CC BY-SA 3.0 / FORTEPAN / Inkey Tibor
Pendant ses années universitaires il a organisé et participé à des manifestations contre la présence britannique dans le pays.
Il était attaché à son pays, à l'Égypte. Il était également attaché au peuple juif et aux idées du sionisme qui visaient à la création d'un État juif sur les terres d'Israël.
— Albert Abraham Cohen
Sous l'influence du grand rabbin d'Alexandrie, Eli s'est engagé dans le mouvement sioniste. Lorsqu'Israël a proclamé son indépendance en 1949, la famille d'Eli a quitté l'Égypte pour aller s'installer dans cet État nouvellement créé.
Quant à Eli, il est resté en Égypte pour terminer ses études. On considère qu'il était impliqué dans des complots visant à mener des opérations «sous fausse bannière».

Déjà après la mort d'Eli Cohen, le Premier ministre israélien Yitzhak Rabin a raconté qu'Eli était resté en Égypte de sa propre initiative en tant que militant clandestin pour aider au rapatriement des Juifs en Israël.

En 1954, la famille d'Eli Cohen a appris que celui-ci avait été arrêté par les autorités égyptiennes qui l'accusaient de faire partie d'un groupe terroriste.

© Albert Abraham Cohen
Alors que les autres prévenus comparaissant dans la même affaire ont été soit emprisonnés, soit exécutés, Eli a réussi à éviter une condamnation. Il a été relâché faute de preuves de son implication dans les activités du groupe. Il a été expulsé avec quelques milliers d'autres Juifs après la crise du canal de Suez.
Carrière d'agent secret
Eli Cohen est arrivé en Israël le 8 février 1957. Cinq jours plus tard il a été appelé par un détachement de reconnaissance, où il lui a été demandé d'écrire son autobiographie.

© Albert Abraham Cohen
Eli Cohen a décrit en détail sur huit pages sa vie en Égypte.

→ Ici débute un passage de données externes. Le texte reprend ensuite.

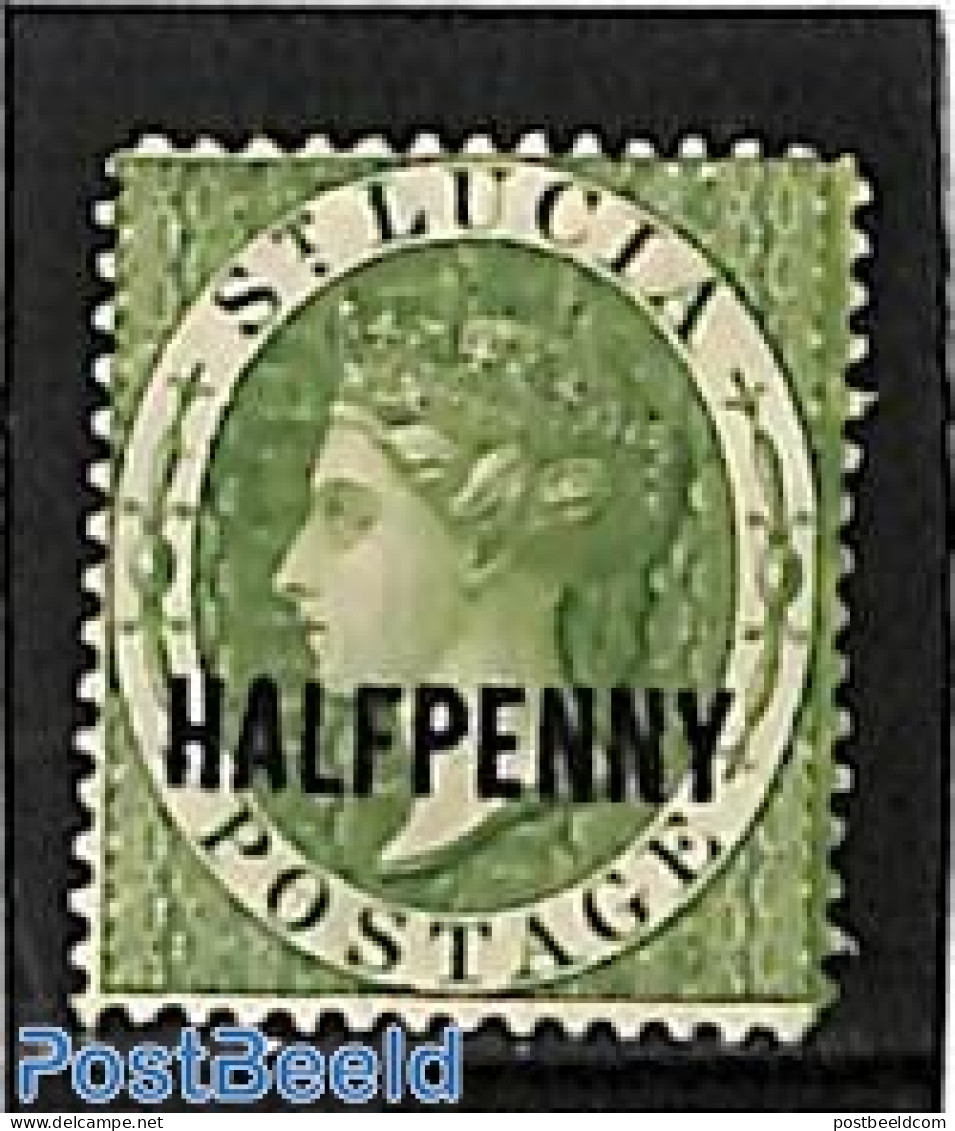 Saint Lucia 1881 HALFPENNY Green, WM Crown-CC, Stamp Out Of Set, Without Gum, Unused (hinged) - St.Lucia (1979-...)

Il y a entre autres mentionné sa maîtrise parfaite de l'arabe, du français, de l'anglais, de l'italien et de l'hébreu. Quant à la langue arabe, il parlait parfaitement plusieurs dialectes dont l'égyptien, le syrien et le libanais.

À la fin de son autobiographie, Eli Cohen a donné son accord pour se rendre dans n'importe quel pays arabe pour une mission.
Il n'était pas aventurier. Il était un simple patriote. Il se rendait très bien compte de ce qui l'attendait. Il s'est porté volontaire pour éviter à son peuple un deuxième Holocauste.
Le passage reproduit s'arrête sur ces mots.